Souvent les femmes sont confrontées à un rejet de leur demande. C’est pourquoi les femmes qui sont confrontées à ces difficultés préfèrent avoir recours au khol pour éviter la longueur de la procédure et éviter de prouver ou de justifier leur demande. C’est aussi un moyen de préserver la dignité de l’époux, car parfois les raisons de la rupture sont graves.
- Nombreux se plaignent de la situation post- divorce, les dispositions de la loi ne sont pas toujours respectées, que proposez-vous comme solution ?
Les effets du divorce touchent les enfants en premier lieu, la pension alimentaire est dérisoire, surtout pour les mamans qui ne travaillent pas, les pères ne paient pas ou traînent dans le paiement des mensualités. Intervient alors la procédure de saisine du Fonds de garantie de la pension alimentaire. Le montant du loyer octroyé pour exercer la garde n’est pas suffisant pour louer un logement. La pension d’abandon allouée à la maman par le jugement de divorce est calculée sur une année de mariage, généralement le calcul commence dès l’introduction de l’instance jusqu’au prononcé de la décision de rupture.

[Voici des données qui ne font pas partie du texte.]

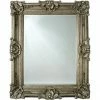 Heritage Chesham Grand Mirror (2240 x 1420mm) - Pewter Silver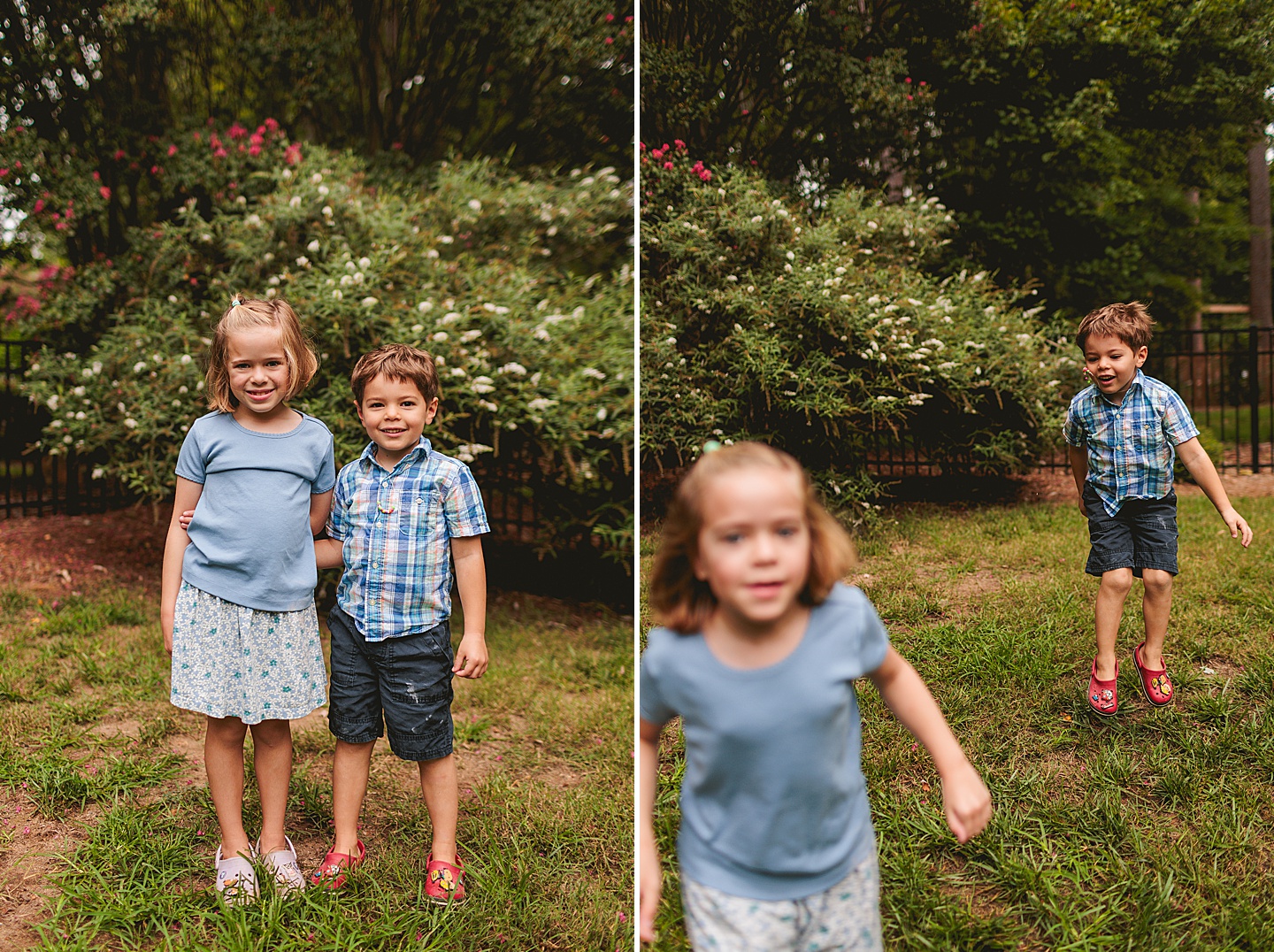 Family Photographer - Laurie + Dwight // Family Photographer in Raleigh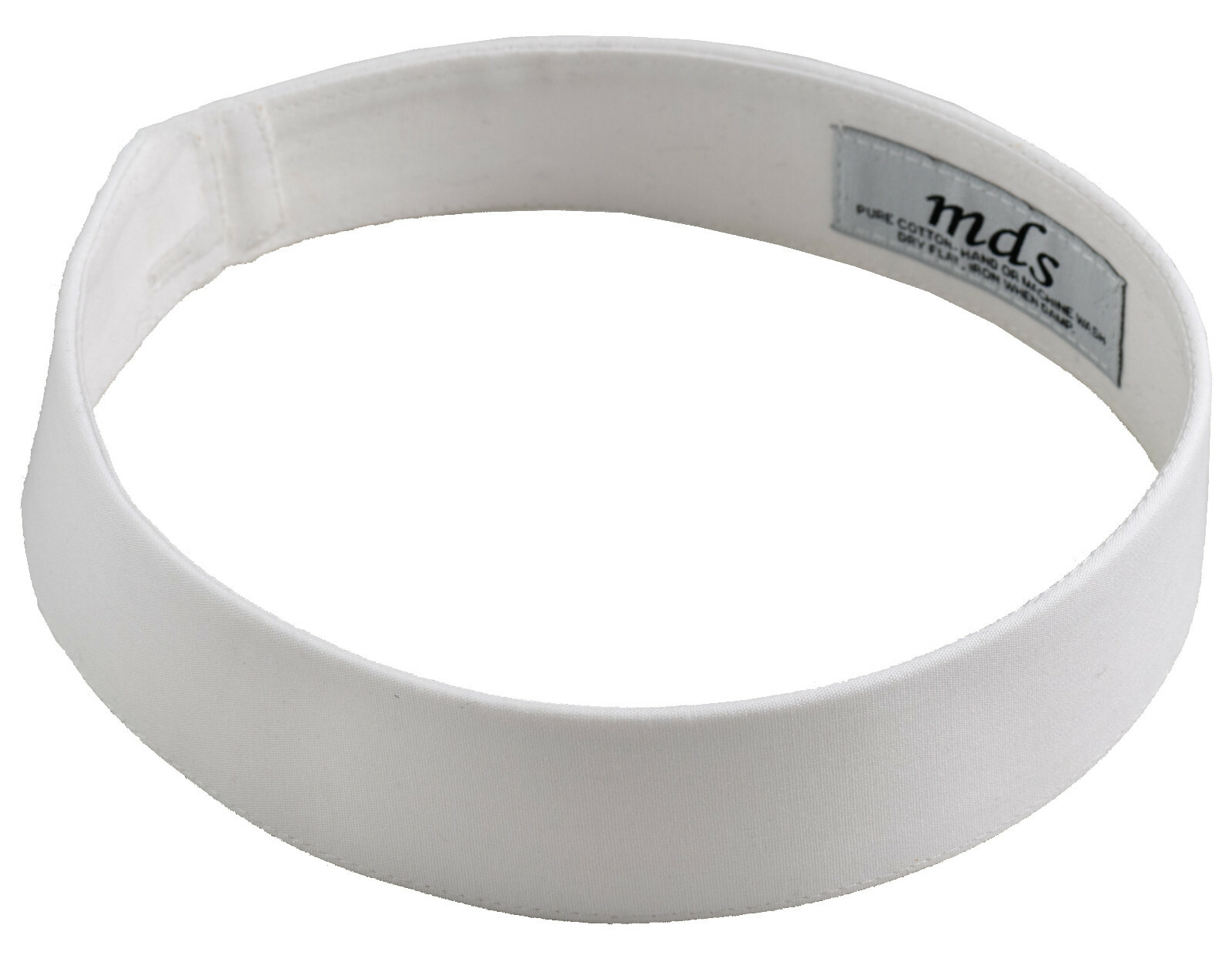 mds Fabric Neckband Clerical Collar 100% Cotton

Cette procédure peut durer 3 mois, 6 mois, le calcul se fera sur la durée de cette procédure, ce qui est en décalage avec le nombre d’années de vie du couple. A mon avis, il faut revenir sur l’ensemble des dispositions du code de la famille. Il faut continuer à introduire le principe d’égalité des conditions du mariage, supprimer le tuteur et la dot.
Il faut revenir sur les dispositions du divorce, supprimer le divorce par volonté unilatérale et le khol et les fondre dans un même article où cette liberté pour l’un et l’autre des époux va pouvoir être demandée sans motifs. Introduire l’égalité dans le partage de l’autorité parentale à l’égard des enfants dans le mariage. Supprimer de la liste des bénéficiaires d’un conjoint qui ne laisse que des filles sans un héritier mâle. Il est temps de réfléchir avec raison et non par la passion en tenant compte de la réalité sociologique.
En 4 ans, le taux de divorce est passé de 20,9% à 33,5%
En 2023, il y a eu 278 664 mariages transcrits à l’état civil. Une baisse de l’effectif des mariages enclenchée depuis 2014 avec un rythme accéléré en 2020, à cause de la pandémie de Covid-19. Il a été enregistré 285 000 unions au cours de l’année 2020, soit une baisse relative de plus de 10% par rapport à l’année 2019. Un effet de récupération est ensuite observé l’année suivante avec un effectif global de 315 000 mariages, mais à compter de l’année 2022, la baisse se poursuit pour atteindre 278 664 en 2023.
Le nombre de divorces est passé de 84 072 en 2022 à 91 402 en 2023 pour 278 664 mariages. L’effectif des divorces enregistrés par les services du ministère de la Justice font ressortir un volume de 93 402 ruptures d’unions prononcées au cours de l’année 2023. Le taux brut de divortialité, exprimé par l’ONS entre le nombre de divorces et la population moyenne de l’année est passé de 1,52% à 2,02% entre 2019 et 2023. D’autre part, le taux de divorce, qui est défini étant le rapport entre l’effectif des divorces et celui des mariages contractés durant la même année, connaît une augmentation plus franche au cours de la même période, passant de 20,9% à 33,5%. N. O.